- In office 1947–1954

Personal details
- Born: August 21, 1902 Brookline, Massachusetts
- Died: March 7, 1977 (aged 74) Cohoes, New York
- Party: Republican

= Maude E. Ten Eyck =

New York politician

Maude E. Ten Eyck (August 21, 1902 – March 7, 1977) was an American politician from New York.

==Life==
She was born Maude Edwards on August 21, 1902, in Brookline, Massachusetts. She married Lansing V. Ten Eyck (1898–1977), and their son was Lansing Ten Eyck Jr.

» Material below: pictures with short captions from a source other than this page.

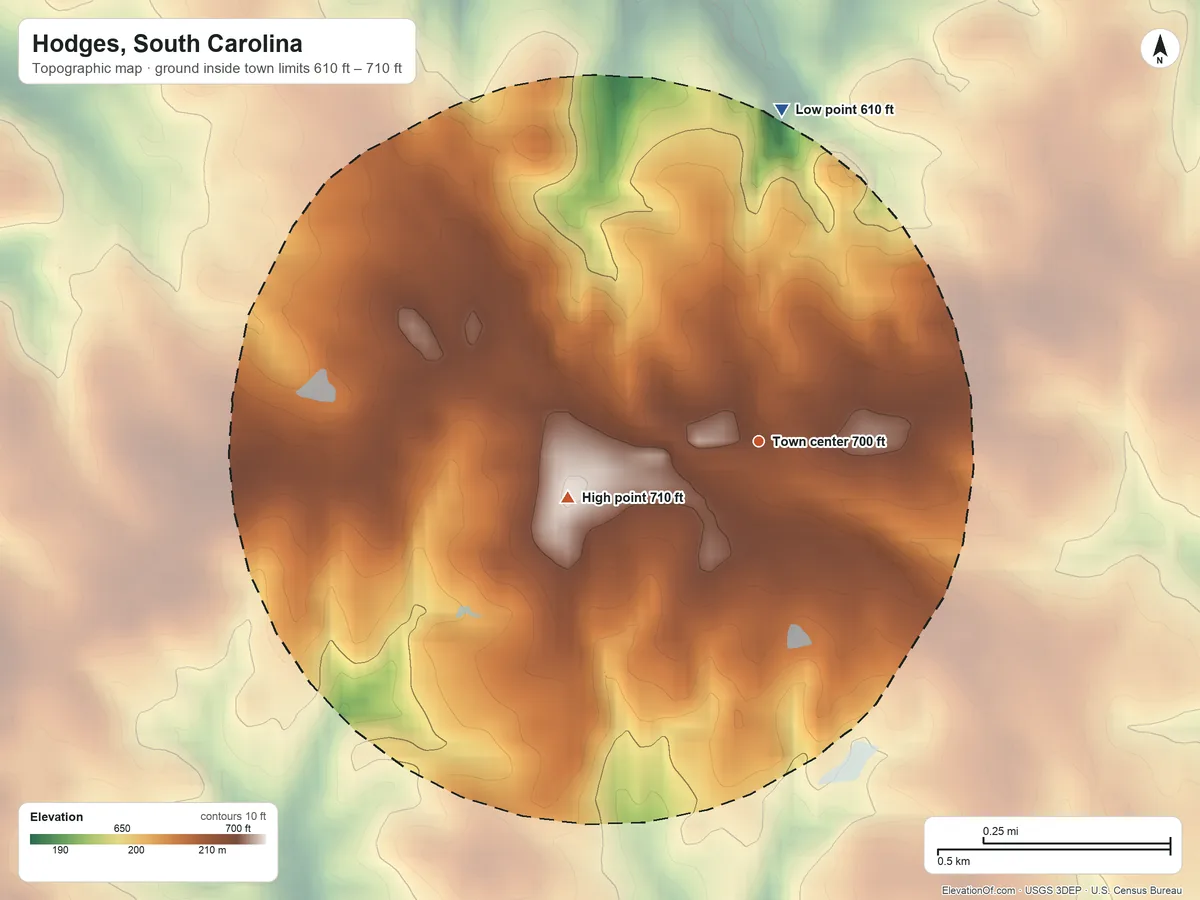 Topographic elevation map of Hodges, South Carolina, shaded from 610 ft on the north side to 710 ft on the west side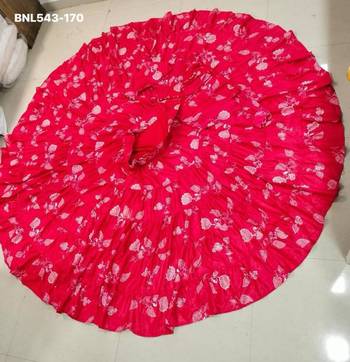 red printed crepe lehenga choli set 3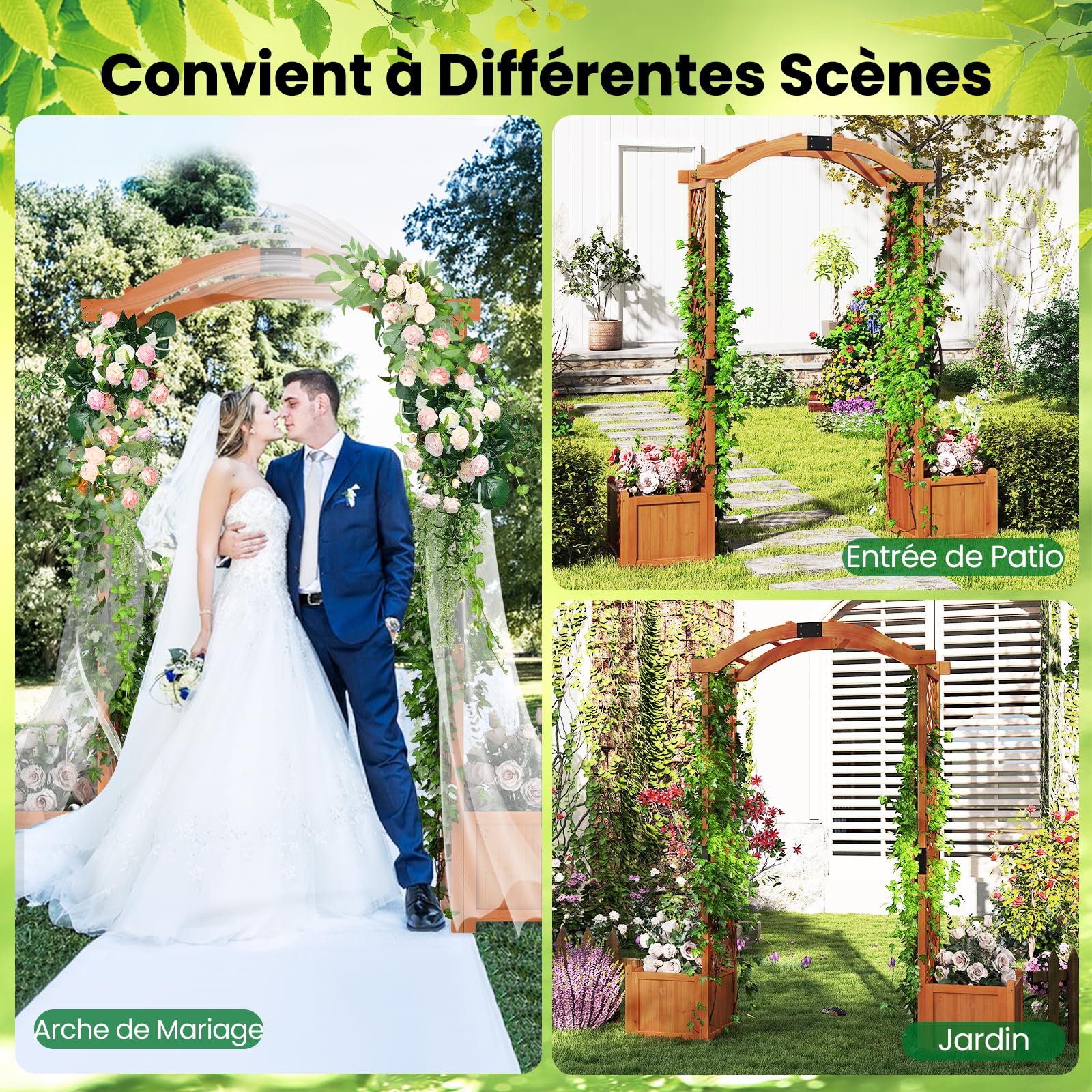 GOPLUS Arche de Jardin avec 2 Jardinières Surélevées 200CM,Jardinières avec Treillis Arqué pour Plantes Grimpantes Fleurs Herbes Légumes Fruits en Bois Massif, Porte Allée Jardin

She became active in politics as a Republican, was President of the Young Women's Republican Club of New York City, was appointed as clerk to several State Senate committees, and was an alternate delegate to the 1940 Republican National Convention and a delegate to the 1944 Republican National Convention.

She was a member of the New York State Assembly (New York Co., 1st D.) from 1947 to 1954, sitting in the 166th, 167th, 168th and 169th New York State Legislatures. In November 1954, she ran for re-election, but was defeated.

She was a Deputy Journal Clerk of the State Assembly from 1955 to 1964.

Later she removed to Waterford, New York.

She died on March 7, 1977, in Cohoes Memorial Hospital in Cohoes, New York.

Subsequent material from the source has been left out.